Le Commissaire aux comptes établira également un rapport sur le rapport de gouvernement d’entreprise sur les informations spécifiques aux sociétés cotées sur un marché réglementé.

Le rapport sur le gouvernement d’entreprise et le rapport du Commissaire aux comptes devront faire l’objet d’un dépôt au greffe. 

III - POSSIBILITÉ DE DÉPOSER LE DOCUMENT DE RÉFERENCE COMME RAPPORT DE GESTION

L’ordonnance n°2017-1142 du 7 juillet 2017 allège les formalités de dépôt des rapports et des informations afférents à chaque exercice pour les sociétés établissant un document de référence.
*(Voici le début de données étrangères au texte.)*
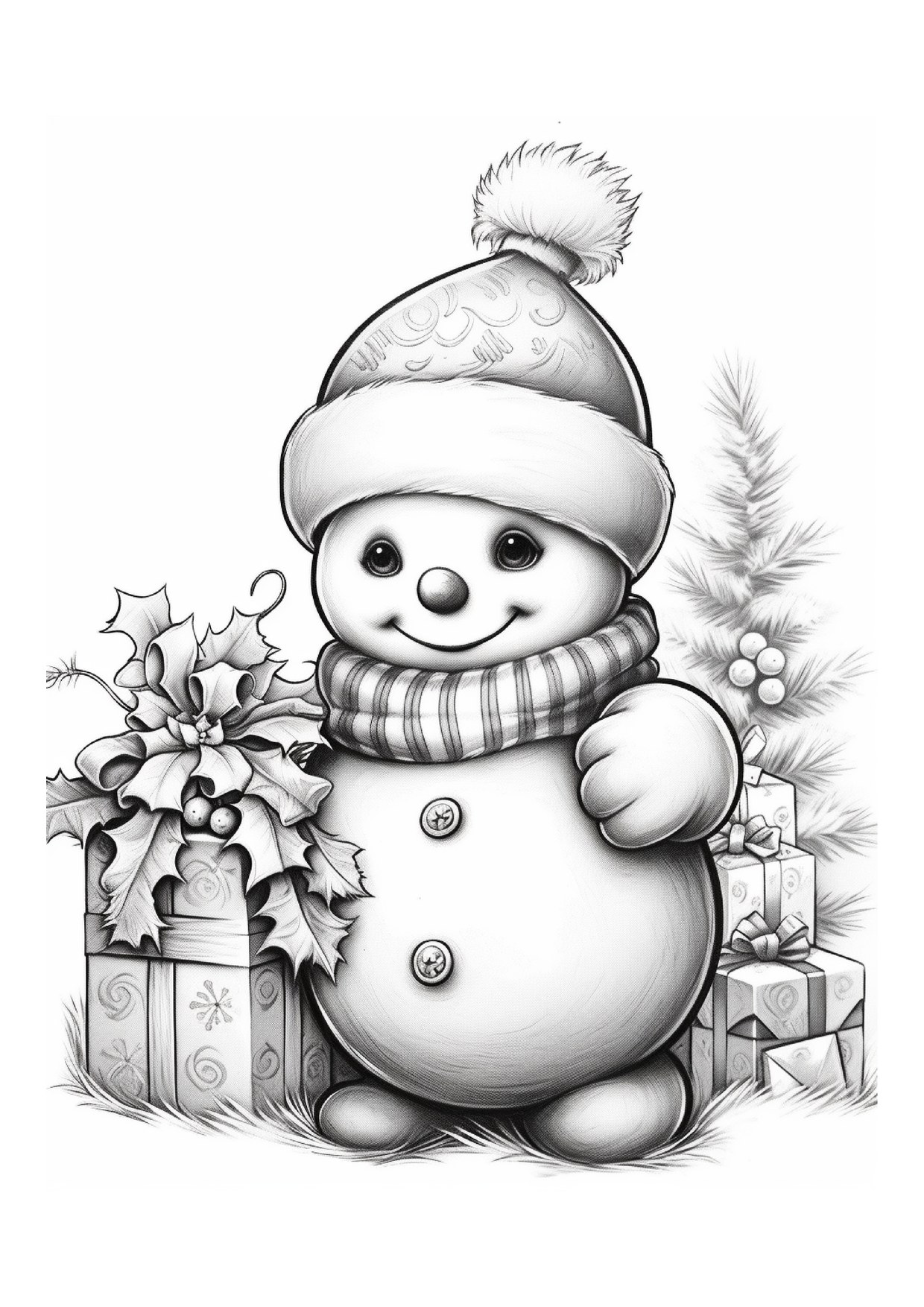 Coloriage bonhomme de neige cadeaux sapin 2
Le dépôt au greffe du tribunal de commerce du document de référence vaut désormais dépôt des rapports obligatoires qu’il contient et ce notamment pour le rapport de gestion8.

Le nouvel article L. 232-23 du code de commerce exige que le document de référence comporte une table de concordance permettant au greffier d’identifier chaque document dont le dépôt est requis.

Les documents ou rapports qui ne sont pas contenus dans le document de référence ou dont la table de concordance ne permet pas l'identification sont déposés concomitamment à celui-ci au greffe du tribunal.
 
1. L’article 7 du décret n°2017-1265 du 9 août 2017 n’est applicable qu’aux rapports afférents aux exercices ouverts à compter du 1er septembre 2017. 
2. Obligation de déclaration applicable aux SCS par renvoi de l’article L. 222-2 du code de commerce à l’article L. 221-7 du même code.
3. Article L.225-102-1 III du code de commerce.
4. Article L. 225-102-1 V du code de commerce. 
5. Article 16 de l’ordonnance n°2017-1162 du 12 juillet 2017.
6. Pour rappel, de manière plus générale, le contenu du rapport de gestion est réorganisé entre les différentes dispositions du code de commerce, notamment l’article L. 225-100-1 dudit code.
7. Cette information ne devra être mentionnée que pour les rapports des exercices ouverts à compter du 1er août 2018.
8. Article L. 232-23 III du code de commerce.